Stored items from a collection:
================================

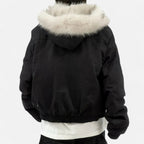 Women’s Winter Hooded Coat – Fur Collar Vintage Style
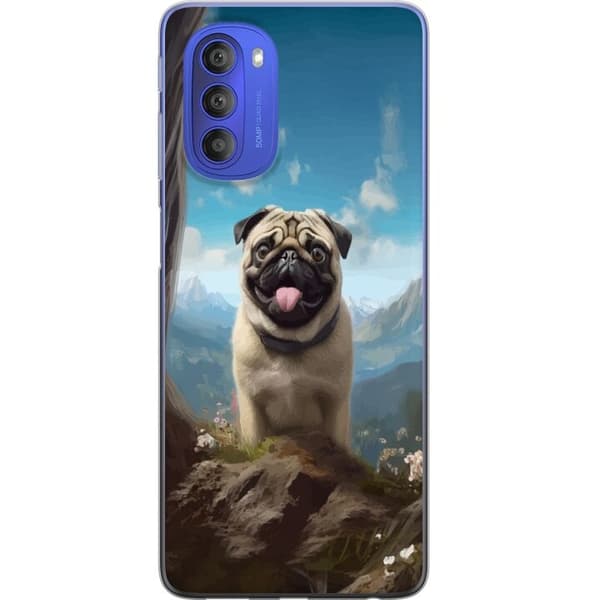 Mobildeksel til Motorola Moto G51 5G med Glad Hund motiv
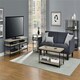 image 3 of Elmwood TV-Stand Distressed Grey Oak Grey | Distressed Grey Oak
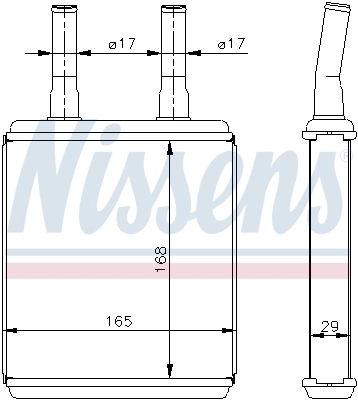 Radiador de forno (de aquecedor) Nissens 77604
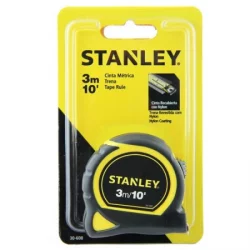 Flexómetro 3 Metros Stanley Negro Con Amarillo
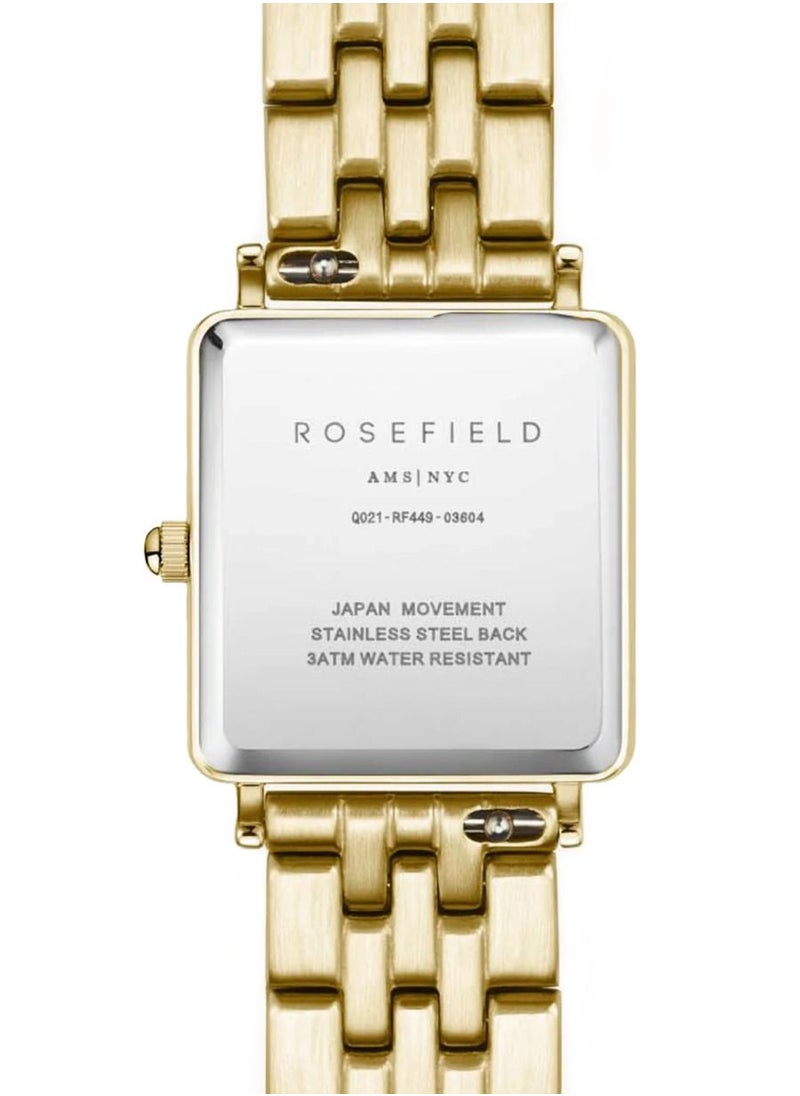 RoseField Rosefield Boxy XS Stainless Steel Gold Ladies Watch QCGSG-Q048  - Image 3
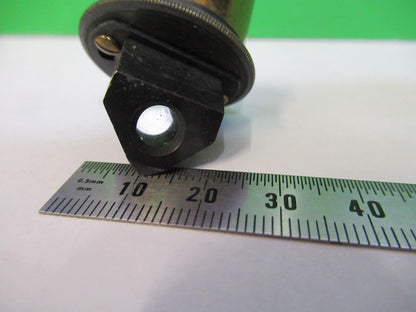 ANTIQUE BRASS EYEPIECE PRISM LENS RARE MICROSCOPE PART AS PICTURED &R6-A-07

================================

Leave out the pictures and restate, word for word, the lines from the top of the data through the line containing "Radiador de forno", both included.

Response for this exercise:
 Women’s Winter Hooded Coat – Fur Collar Vintage Style
 Mobildeksel til Motorola Moto G51 5G med Glad Hund motiv
 image 3 of Elmwood TV-Stand Distressed Grey Oak Grey | Distressed Grey Oak
 Radiador de forno (de aquecedor) Nissens 77604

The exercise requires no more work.